# Waites Island Oct 5/6



## LiteTackleChamp (Jul 29, 2005)

Took the fishing club from Coastal Carolina University to waites island for a surf fishing camping trip. Got a little wet on friday nite but not for to long, and amazinly it was flat on the beach, only saw 2 nice whiting and 1 large southern come on the beach, we fished all nite to not much biting. well i went to bed around 2am and was wakened to someone asking me to break out the net cause there was tons of mullet on the beach, caught some bait and the blues were hot all morning, there were tons of nice blues being caught and i think we ended with atleast 30 in the cooler. left them biting around 12 this afternoon to come home and get the sand out of some werid places
great day


----------



## bluefish1928 (Jun 9, 2007)

where is waties island?


----------



## Big Worm (Mar 29, 2005)

right next to bird island


----------



## bluefish1928 (Jun 9, 2007)

you mean south of birds island? how could you get on the island with little river inlet jetties.


----------



## Big Worm (Mar 29, 2005)

yeah south of bird, just on the other side of the inlet. You need a boat really, but come to think of it if you walked from the condos is cherry grove you could get there. What a walk that would be.

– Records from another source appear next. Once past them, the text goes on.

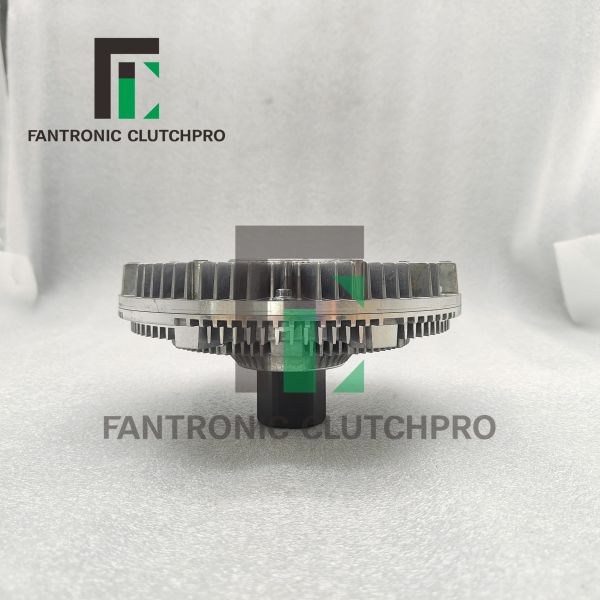 CLAAS Viscous Clutches 7700077834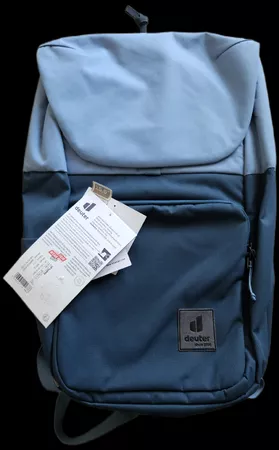 Sac à dos Deuter UP Sydney 22 L – bleu – Neuf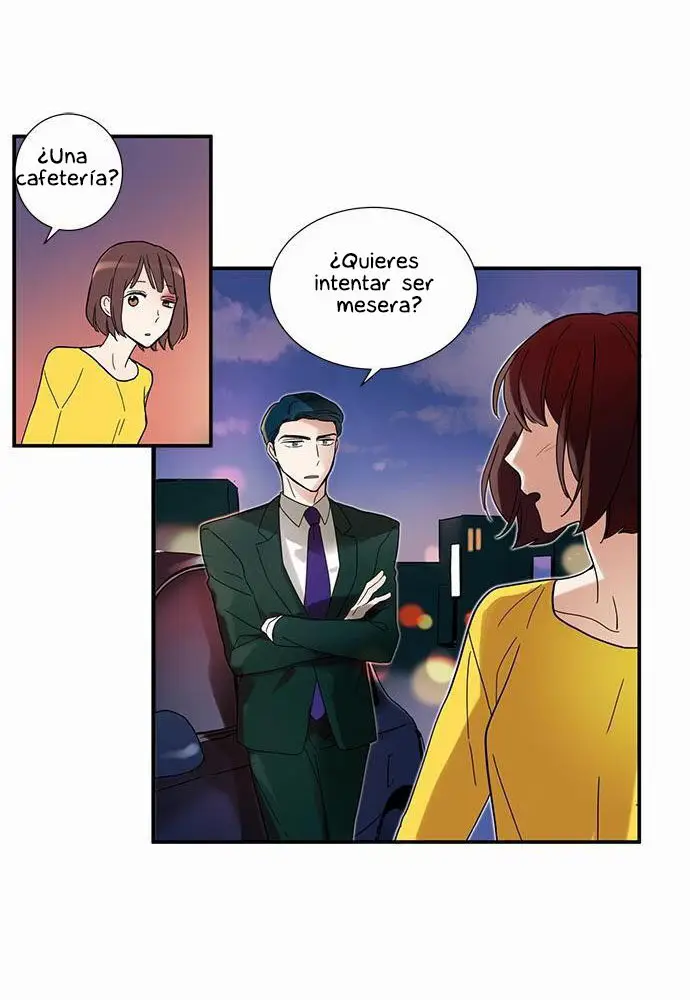 Secretary Geum - Capítulo 18 - Página 27 - LectorTMOo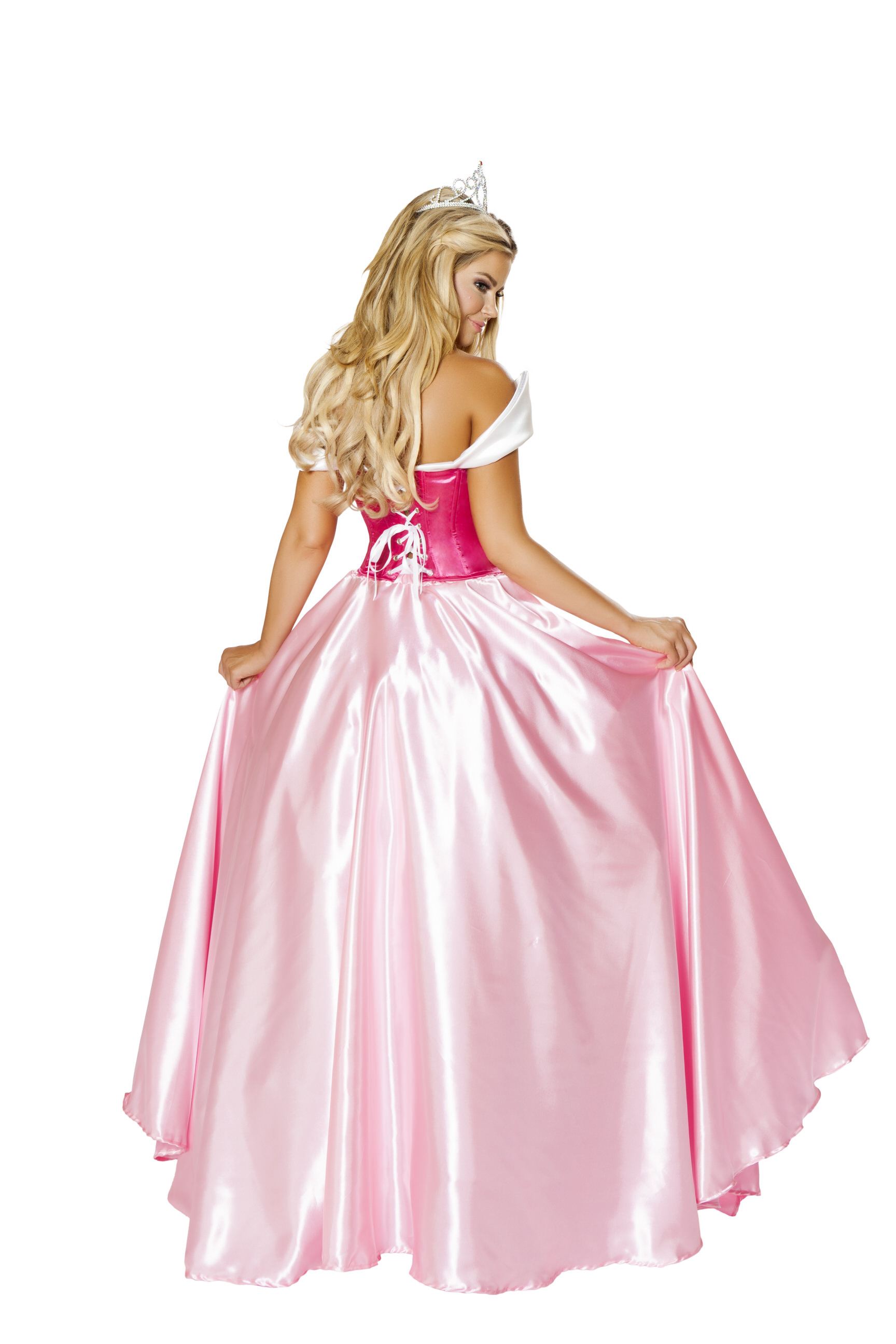 Adult Beautiful Princess Woman Costume | $105.99 | The Costume Land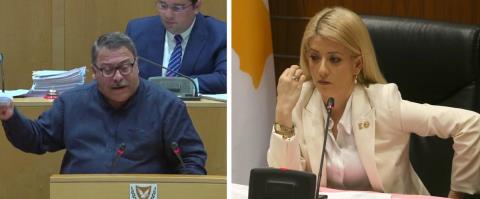 Παρέμβαση Επ. Ισότητας για τις δηλώσεις Θεμιστοκλέους-«Τα σχόλια του συνιστούν σαφή έκφραση σεξισμού και έλλειψης σεβασμού»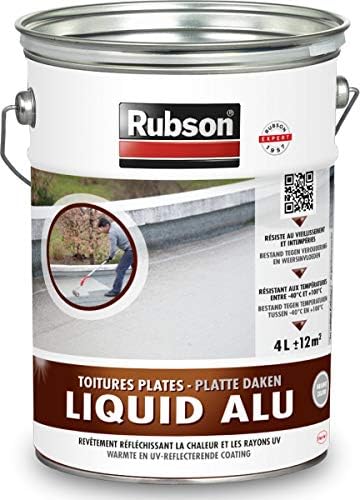 Rubson Liquid ALU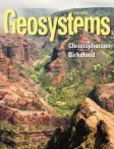 Geosystems An Introduction to Physical Geography | Edition: 9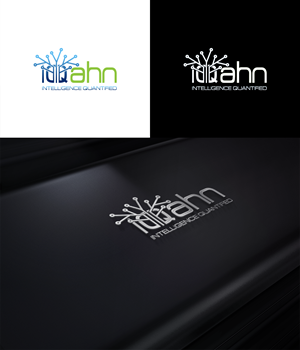Logo Design by RA-bica for IQahn | Design: #34650308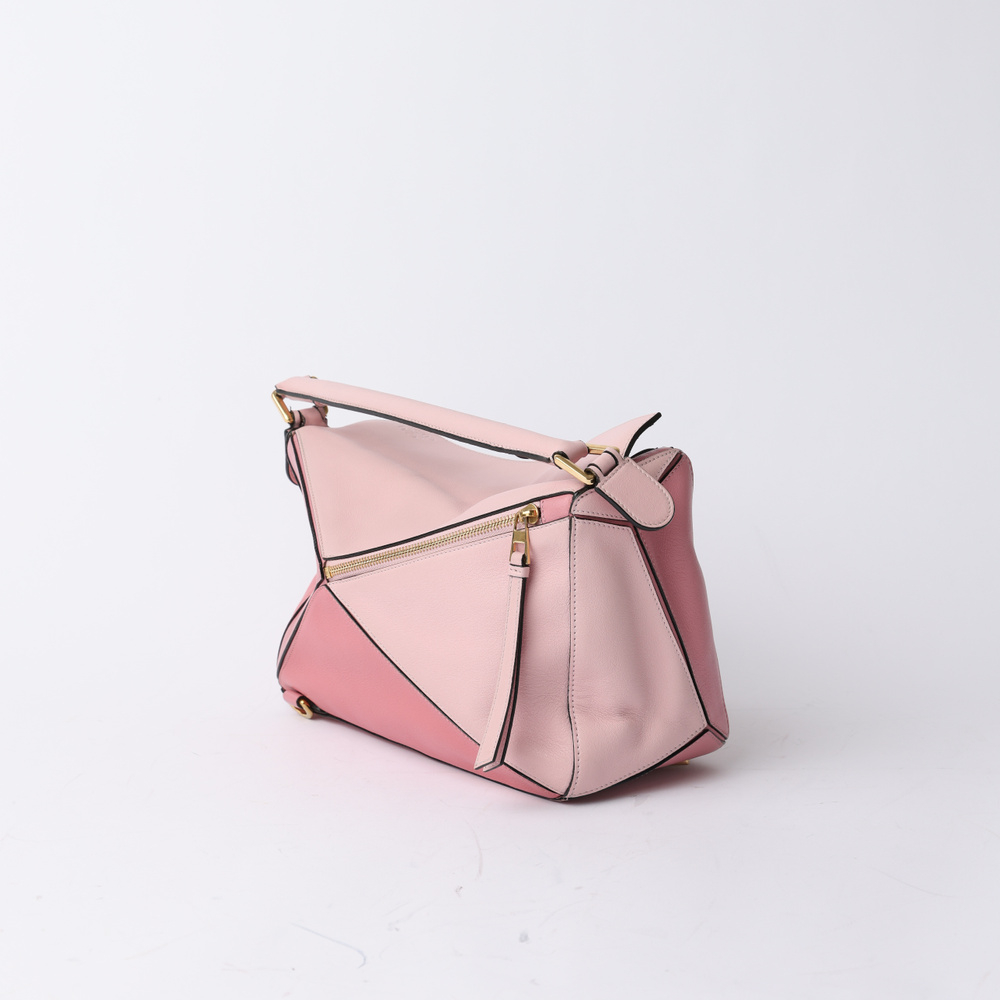 Loewe Medium Puzzle Bag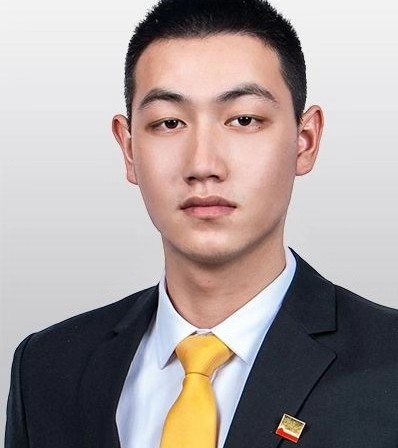 郭先生的第一张照片--永泰婚介网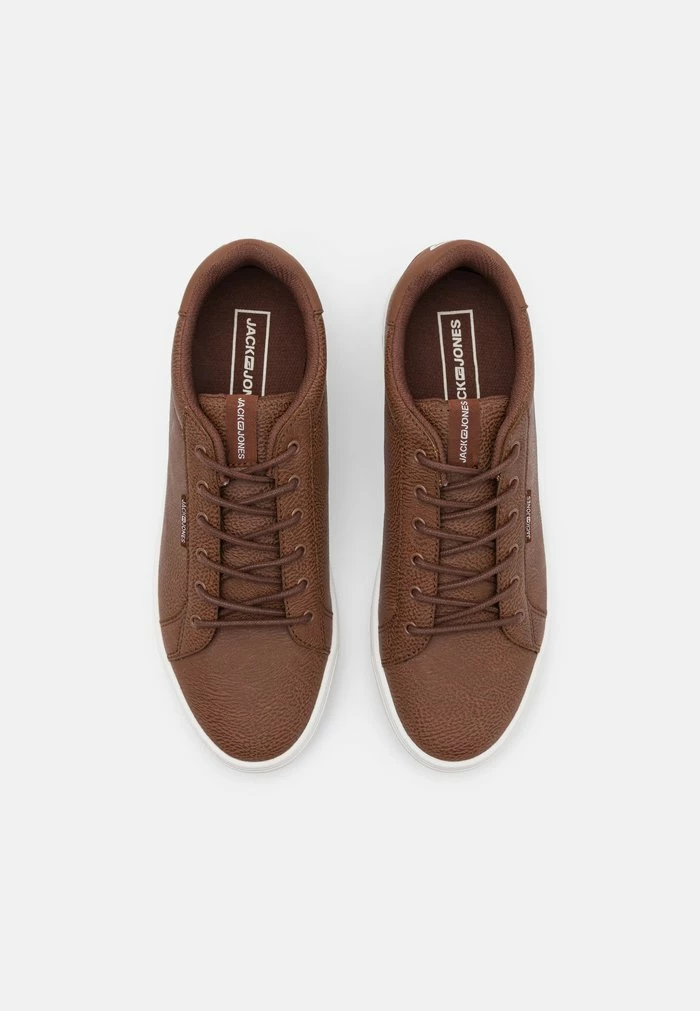 Jack & Jones JFWTRENT - Trainers - Cognac 4 Jack & Jones JFWTRENT - Trainers - Cognac - Image 4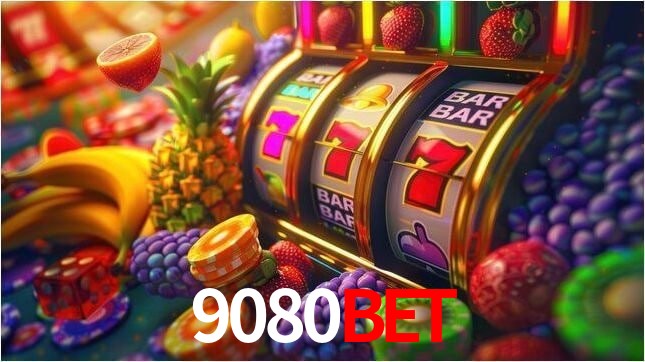 Seasonal Promotions 9080bet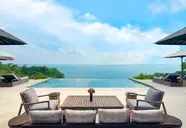 Raffles Bali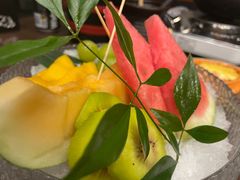 -万岛日本料理铁板烧(万泰国际店)
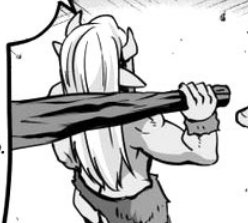 OGRE QUEEN tweet media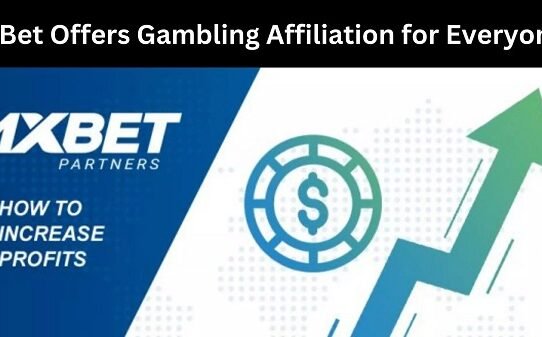 1xBet Offers Gambling Affiliation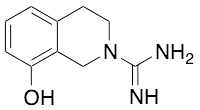 药物标准品8-Hydroxy Debrisoquin - TRC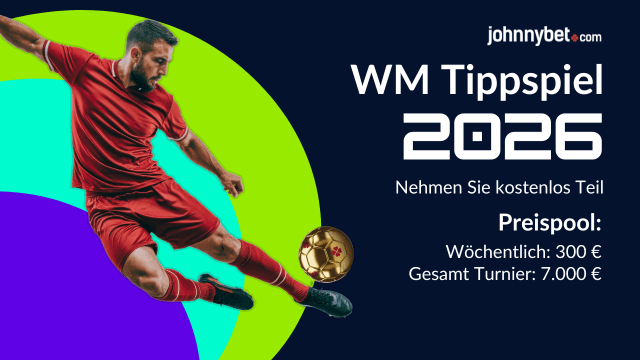 WM Tippspiel mit gewinnen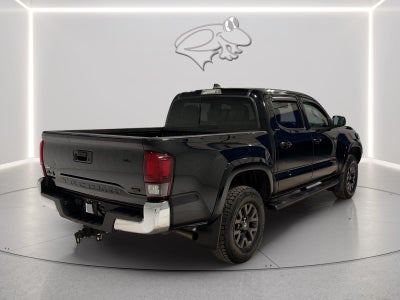 2020 Toyota Tacoma SR5 V6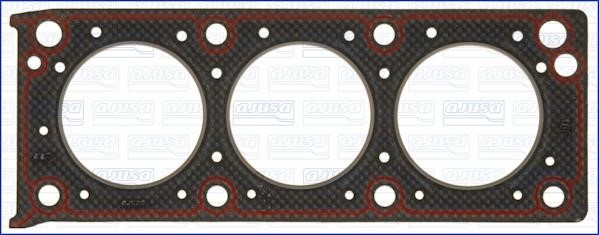Wilmink Group WG1158637 Gasket, cylinder head WG1158637: Buy near me in Poland at 2407.PL - Good price!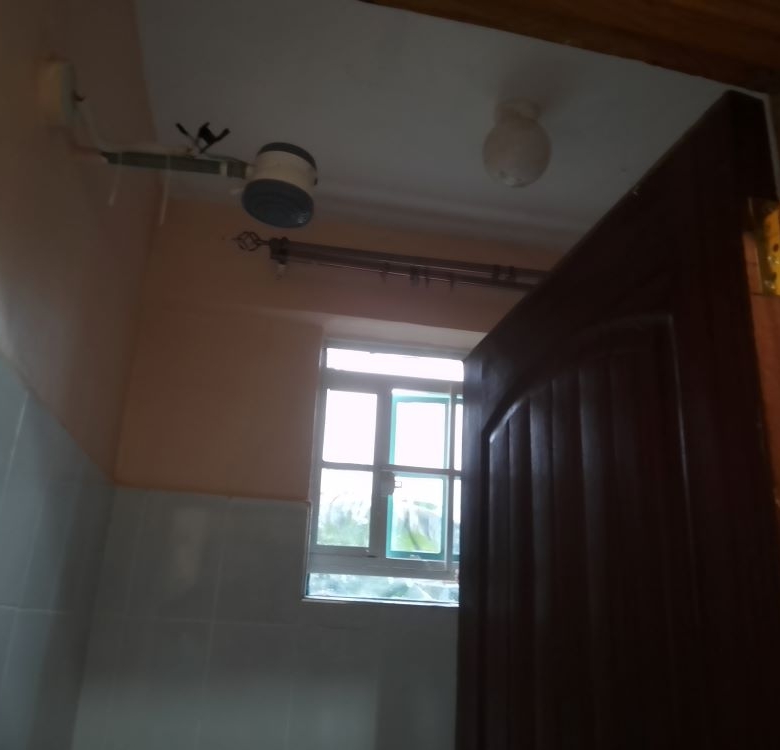 2 bedroom Airbnb rental house in Bungoma Kanduyi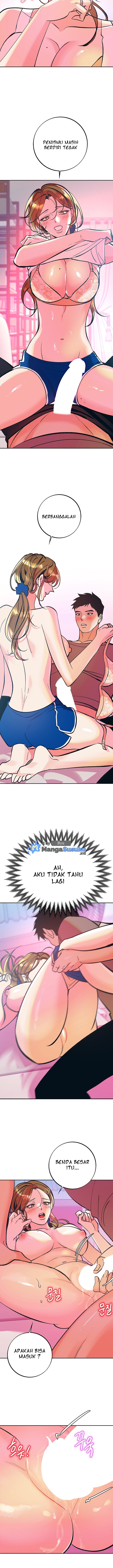 Please Fix the AC - Chapter 3 8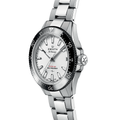 Chronomaster Solo Sport 40mm - White on Bracelet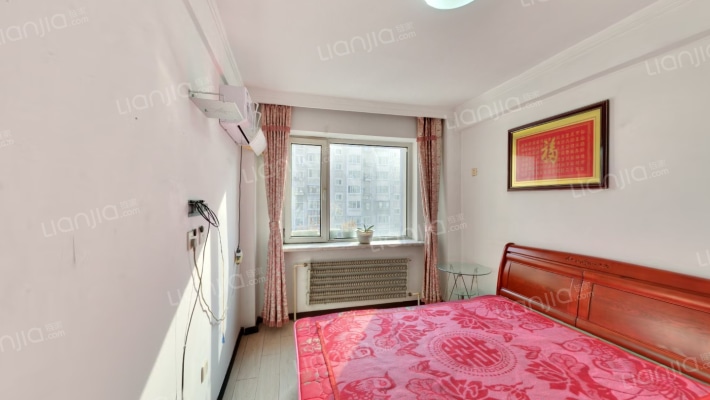 光明新村二手房实景图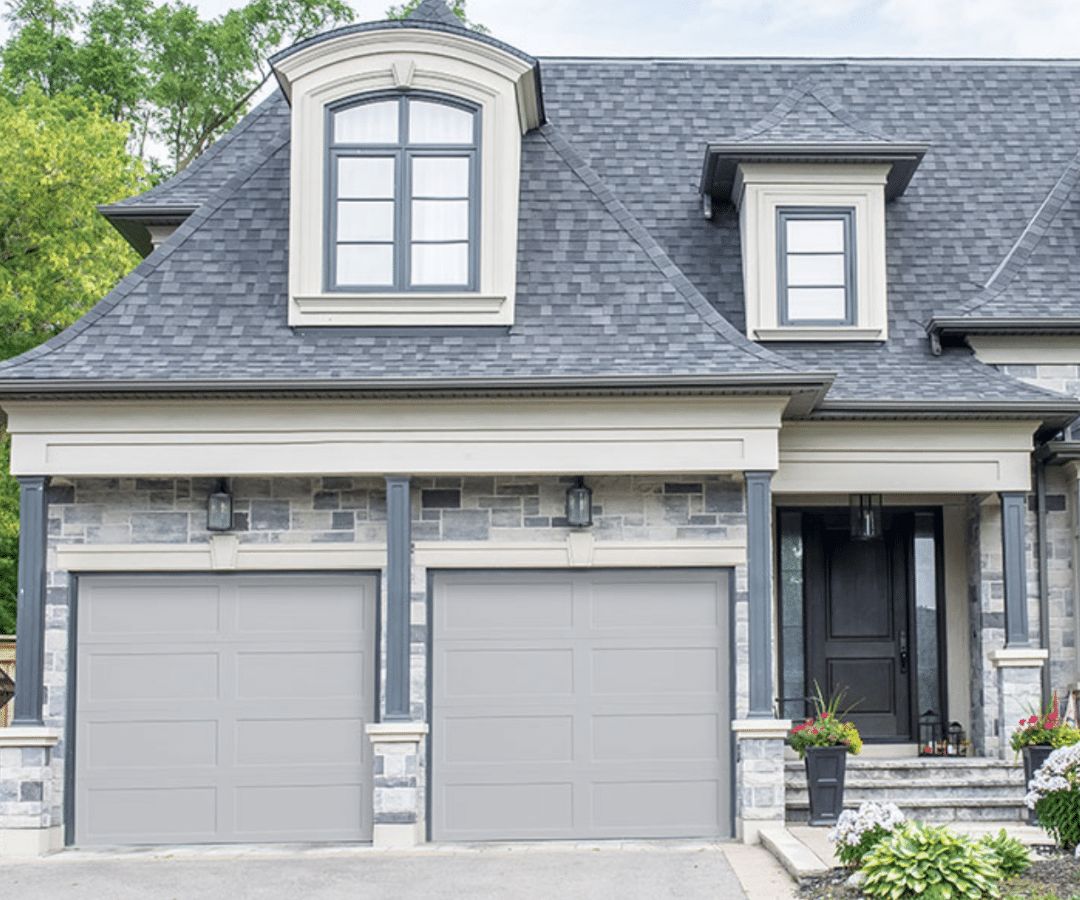 Doorlink garage door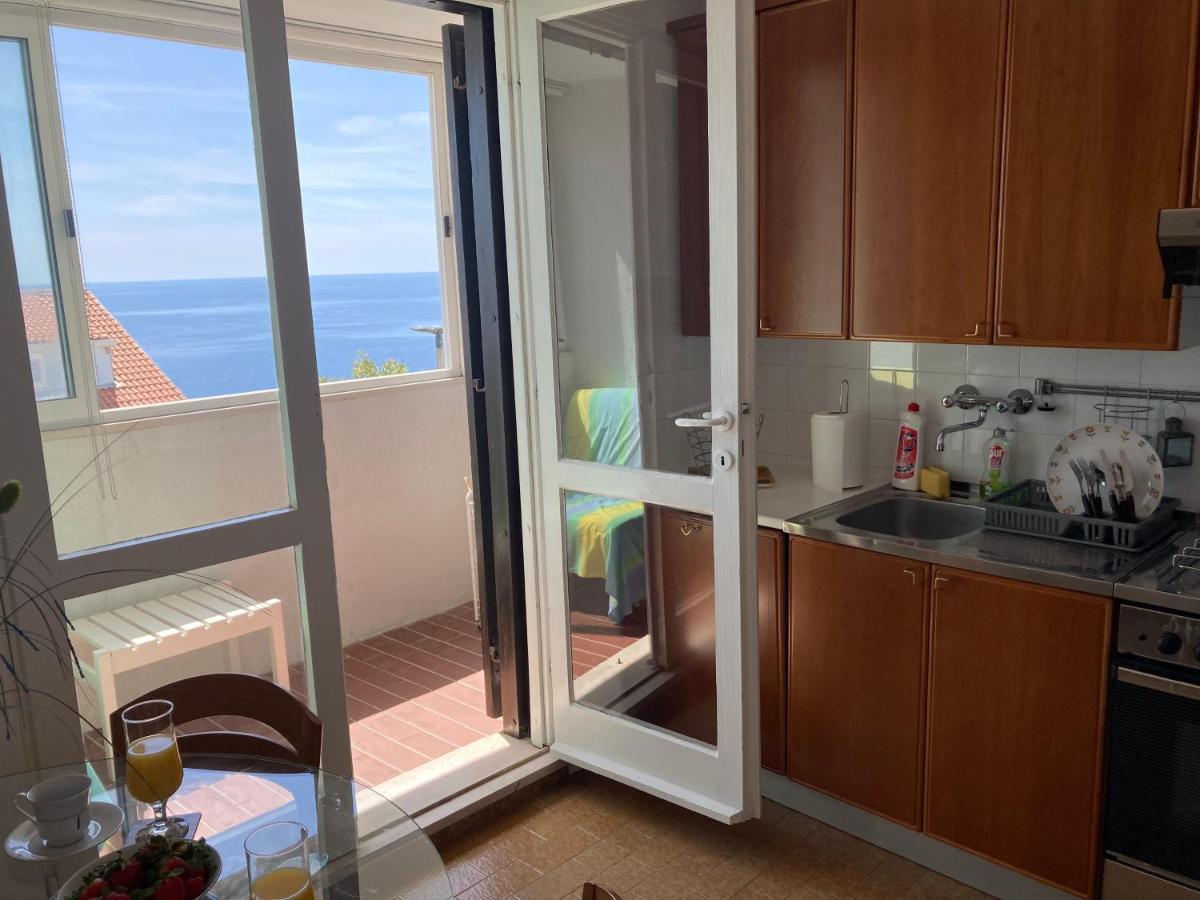 Holiday Apartment Marija :D دوبروفينك المظهر الخارجي الصورة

I have seen people driving on that beach, but I am not sure who those people are. Deep in the corner of that south jetty is the perfect spot along the beach for HUGE mullet. This time of year.


----------



## LiteTackleChamp (Jul 29, 2005)

Coastal Carolina owns the lower end of the island and we have road access to the island on the south end with a small bridge, its gated though


----------



## Big Worm (Mar 29, 2005)

I know this bridge of which you speak  redfish and flounder like it around these parts.......


----------



## LiteTackleChamp (Jul 29, 2005)

Here are the pics of the blues in the sink

before









after









nothing will go to waste as i will use the after part for sharks on wensday


----------



## Fireline20 (Oct 2, 2007)

bmcox86 said:


> Took the fishing club from Coastal Carolina University to waites island for a surf fishing camping trip. Got a little wet on friday nite but not for to long, and amazinly it was flat on the beach, only saw 2 nice whiting and 1 large southern come on the beach, we fished all nite to not much biting. well i went to bed around 2am and was wakened to someone asking me to break out the net cause there was tons of mullet on the beach, caught some bait and the blues were hot all morning, there were tons of nice blues being caught and i think we ended with atleast 30 in the cooler. left them biting around 12 this afternoon to come home and get the sand out of some werid places
> great day


My son is senior at Coastal and has a 4x4....does he have access to the road\gate or is it just the fishing club...if so how does join


----------



## LiteTackleChamp (Jul 29, 2005)

only the club as we have to get permission from the school to get the key, tell him to come out and join the meetings are at 530 on tuesdays in the smith science building room 114


----------



## bluefish1928 (Jun 9, 2007)

you are all making me jealous since i know king mackerel, big blues, and spanish can be caught from the jetties at the right time.


----------